IN THE SUPREME COURT OF TENNESSEE
AT KNOXVILLE
January 7, 2009
STATE OF TENNESSEE v. JOEY DEWAYNE THOMPSON
Appeal by Permission from the Court of Criminal Appeals
Criminal Court for Knox County
No. 73384 Ray L. Jenkins, Judge
No. E2006-02093-SC-R11-CD - Filed May 6, 2009
WILLIAM C. KOCH , JR., J.,concurring.
I concur with the Court’s decision to affirm Mr. Thompson’s conviction and sentence for
voluntary manslaughter and to reverse his conviction for second degree murder. I write separately
to emphasize my conclusion that it is the doctrine of direct estoppel, not the doctrine of collateral
estoppel, that prevents the State from proceeding against Mr. Thompson on the felony murder
charge.
The difference between the doctrine of direct estoppel and the doctrine of collateral estoppel
is more than semantic. The doctrine of direct estoppel “prevents a party from relitigating a fact
which was already determined against it in ‘a decision that finally disposes of a part of a claim on
the merits but does not preclude all further action on the remainder of the claim; issues common to
both parts of the claim are precluded, even though new issues remain to be decided.’” State v.
Huskey, 66 S.W.3d 905, 928 (Tenn. Crim. App. 2001) (quoting United States v. Bailin, 977 F.2d
270, 276 (7th Cir. 1992)). On the other hand, the doctrine of collateral estoppel prevents a party
from relitigating in a subsequent action issues that were actually raised and determined in an earlier
action. State v. Scarbrough, 181 S.W.3d 650, 654-55 (Tenn. 2005).
Both the doctrine of direct estoppel and the doctrine of collateral estoppel can be applied in
criminal proceedings. Ascertaining which doctrine should be applied depends on the facts. When
separate proceedings are involved, as they were in Ashe v. Swenson, 397 U.S. 436 (1970) and State
v. Vickers, 985 S.W.2d 1 (Tenn. Crim. App. 1997), applying the doctrine of collateral estoppel is
proper. However, in cases like this one which involve a retrial, the doctrine of collateral estoppel
should not be applied for the simple reason that a retrial cannot be “collateral” because it is a
continuation of the first trial. In the context of a retrial, the doctrine of direct estoppel more
appropriately characterizes the estoppel principles that should be brought to bear. United States v.
Shenberg, 89 F.3d 1461, 1478 (11th Cir. 1996); United States v. Bailin, 977 F.2d at 276-77;
Commonwealth v. Williams, 725 N.E.2d 217, 220 n.4 (Mass. 2000) (citing Restatement (Second) of
Judgments § 17 cmt. c, at 149-50); see also Peter J. Henning, Precedents in a Vacuum: The Supreme
Court Continues to Tinker with Double Jeopardy, 31 Am. Crim. L. Rev. 1, 13 n.66 (1993); James
P. Fleissner, Constitutional Criminal Procedure, 48 Mercer L. Rev. 1485, 1507 (1997).

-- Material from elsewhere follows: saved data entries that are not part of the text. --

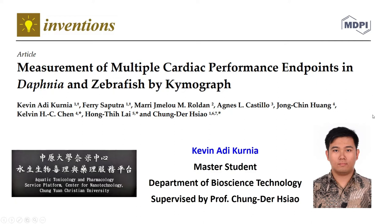Hello everyone, today I will be presenting my research article titled 'Measurement of Multiple Cardiac Performance Endpoints in Daphnia and Zebrafish by Chemograph.' My name is Kevin Adikurnia. I'm a master's student in the Department of Bioscience Technology, Chung Yuan Christian University, and I'm supervised by Professor Chung Tersiao.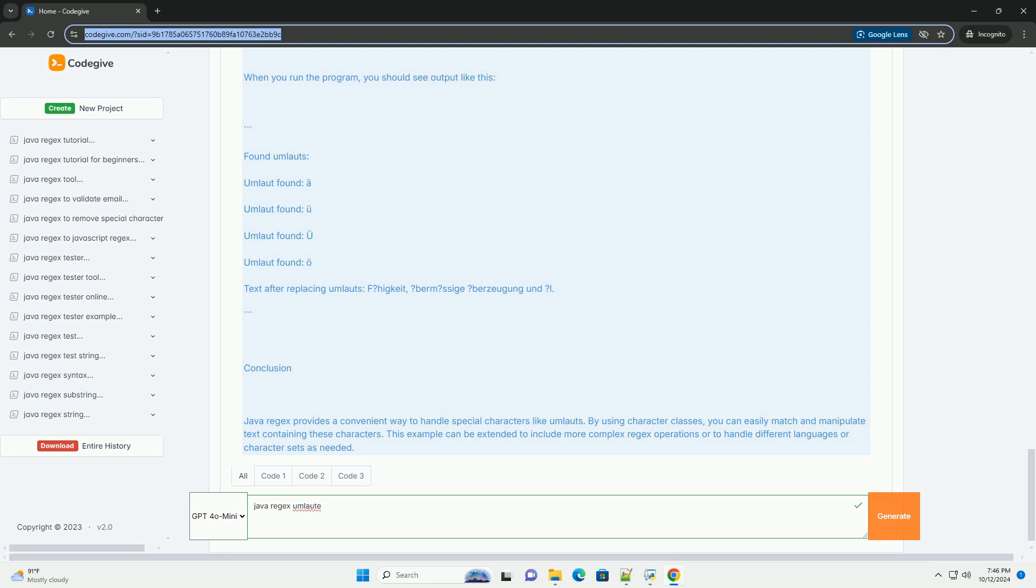Example code. Here's a simple Java program that demonstrates how to use regex to find and replace umlauts in a string.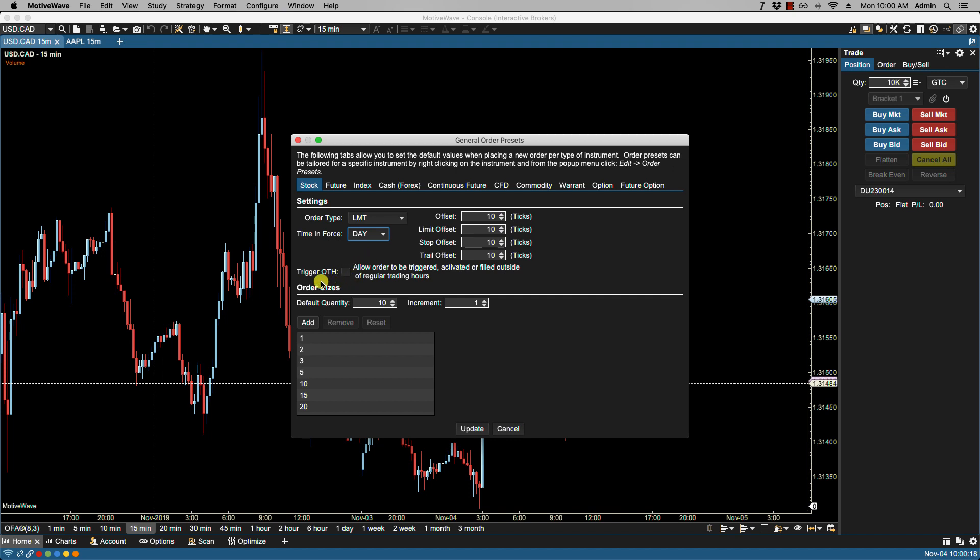We have trigger outside of regular trading hours. This may or may not be present depending on which broker you have, but this allows orders to be triggered, activated, or filled outside of the regular trading hours.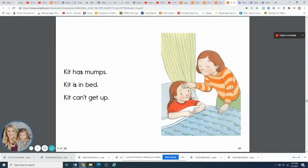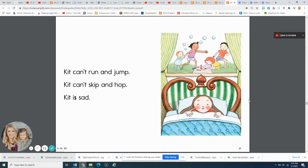Kit has mumps. Kit is in bed. Kit can't get up. Kit can't run and jump.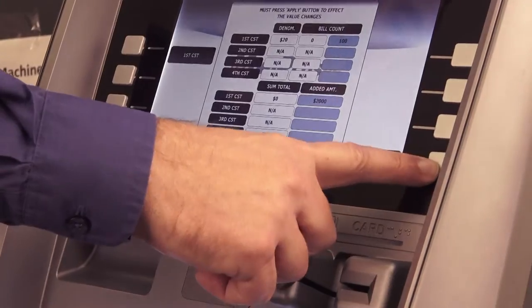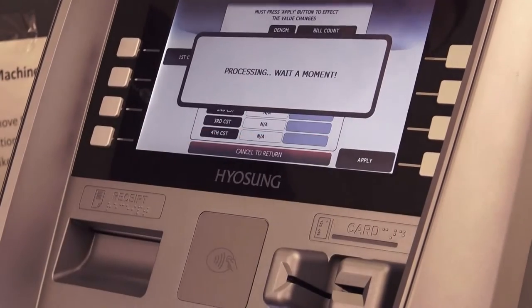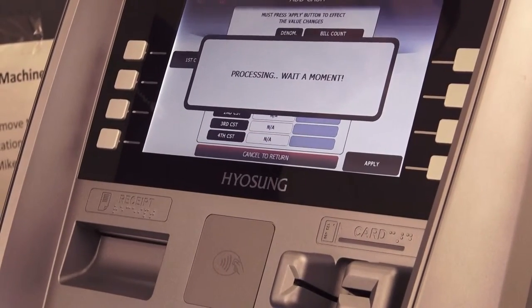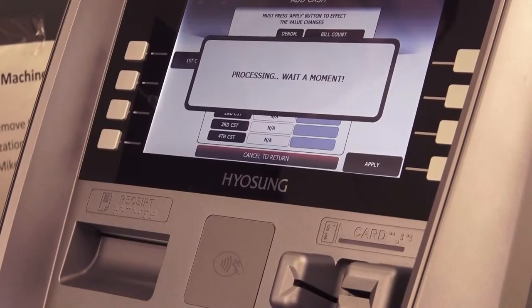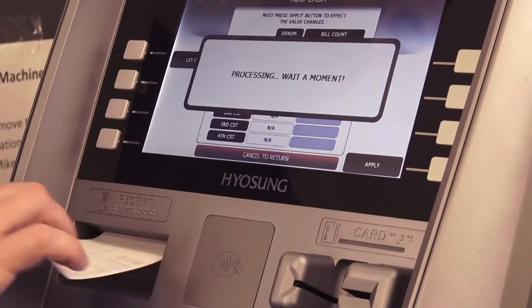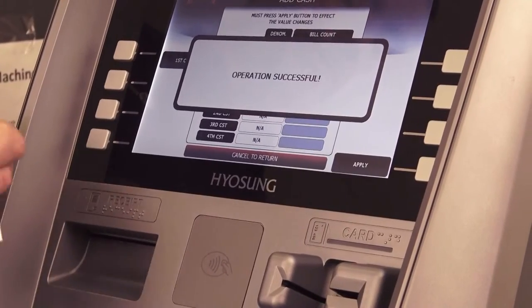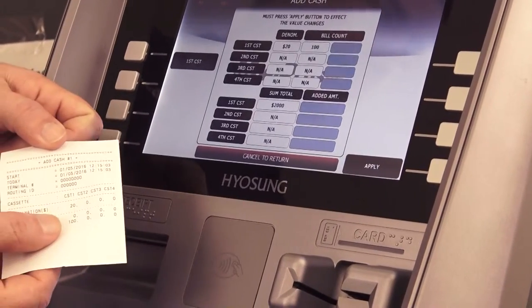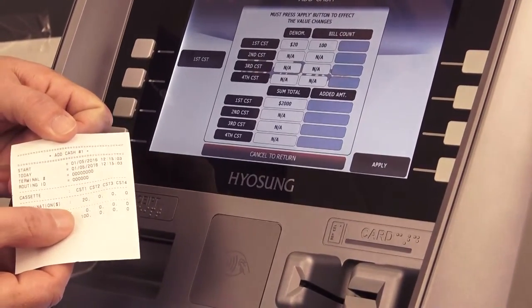Once you're satisfied that your input is correct, press Apply. You will then receive a printout showing the cash that you just added to the cassette. Thank you for watching our video.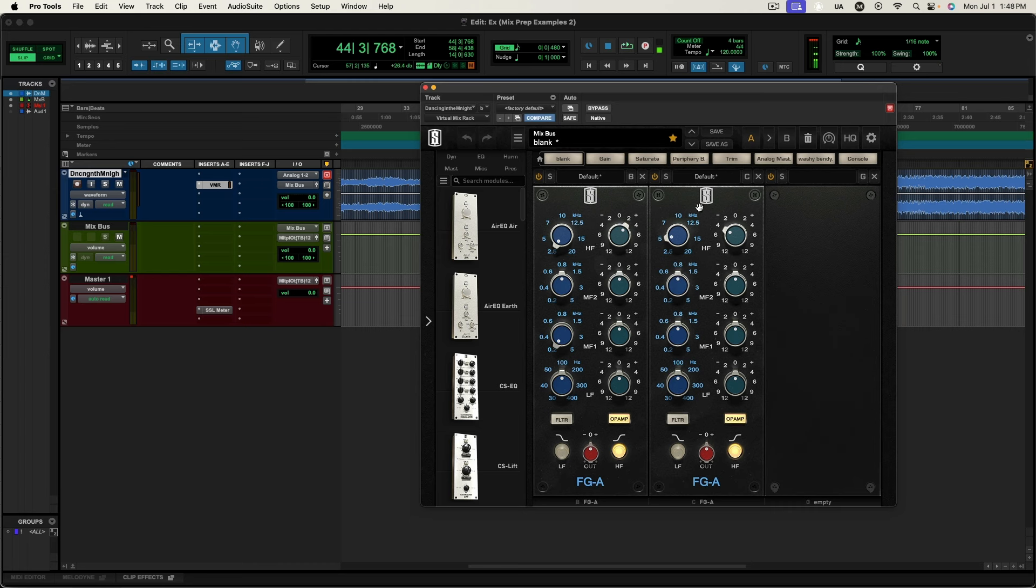At that point I must have decided, you know what, the mix is a little too bright overall. So I went to make the mix a little bit darker. I went to take a little bit of top end off of the mix, and I already had this EQ open and I saw, oh, I already have the top frequency engaged.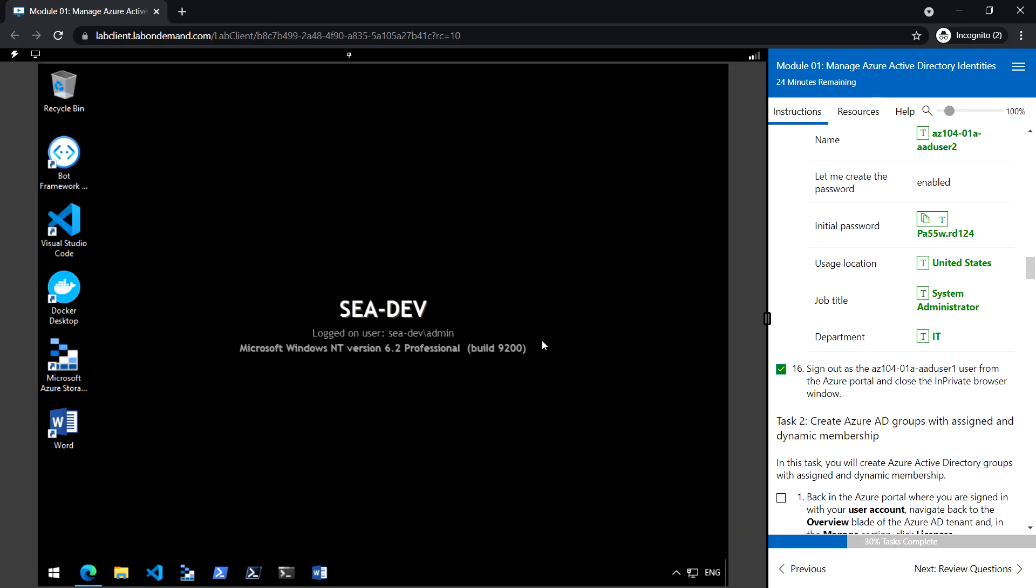In the next section, we will see how to create Azure AD groups with assigned and dynamic membership.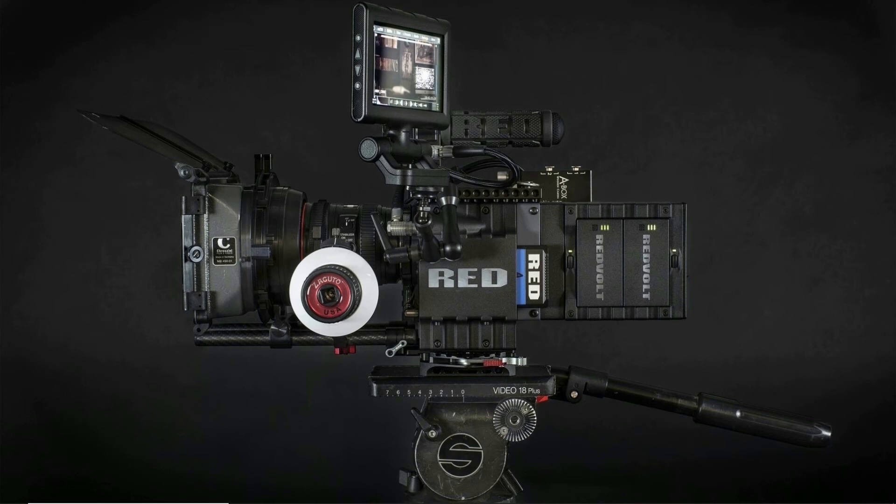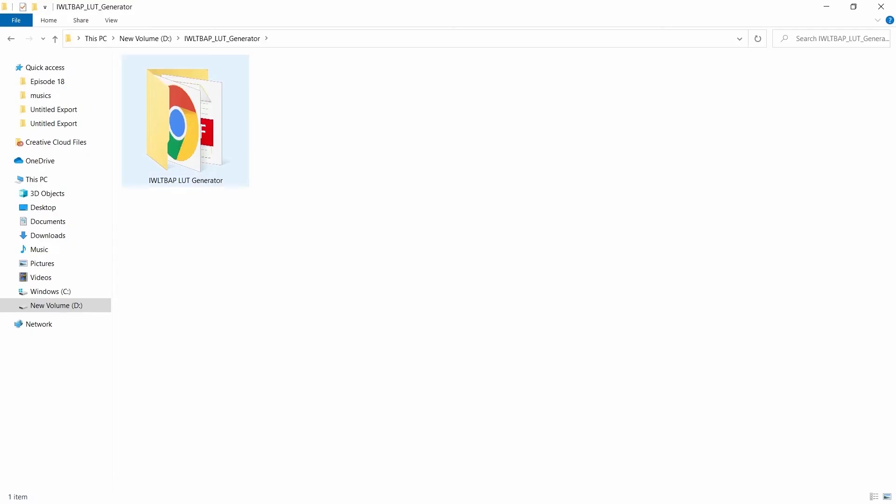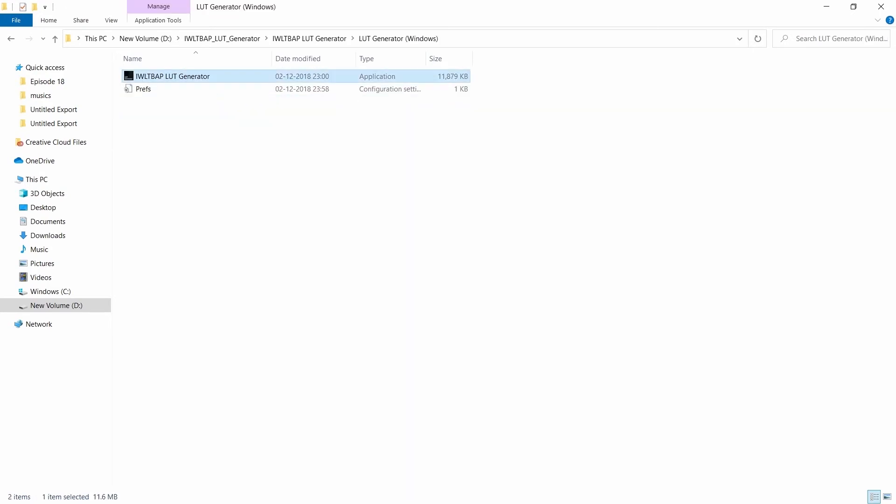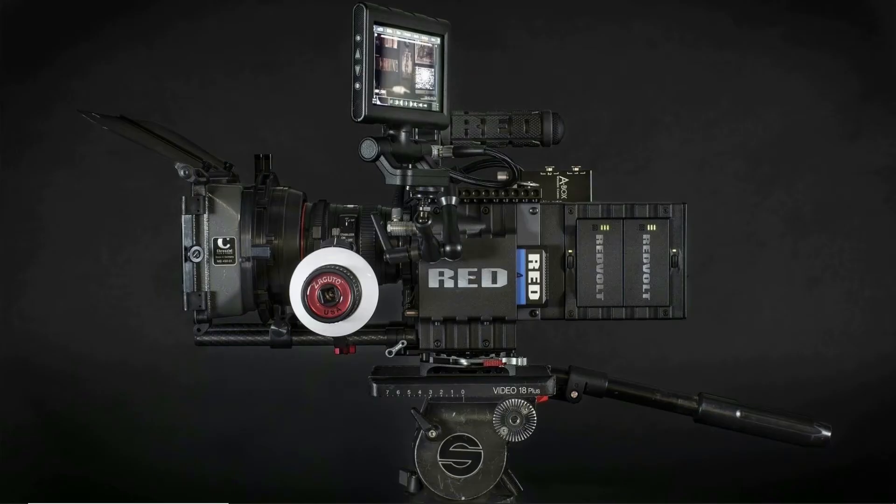So in today's episode, I'm going to show you how to create LUTs with Lightroom. Before that, you will have to download a 3D LUT generator. I will put the link in the description. So without any further delay, let's get to work.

The law delights in accuracy and precision. The fact that a number of United States Courts
of Appeals have blurred the distinction between the doctrine of direct estoppel and the doctrine of
collateral estoppel in criminal cases provides little justification for us to ignore our own decisions
that have recognized and preserved this distinction. Accordingly, I would hold that the doctrine of
direct estoppel prevents the State from retrying Mr. Thompson on the felony murder charge because
he was acquitted of the predicate offense in the first trial.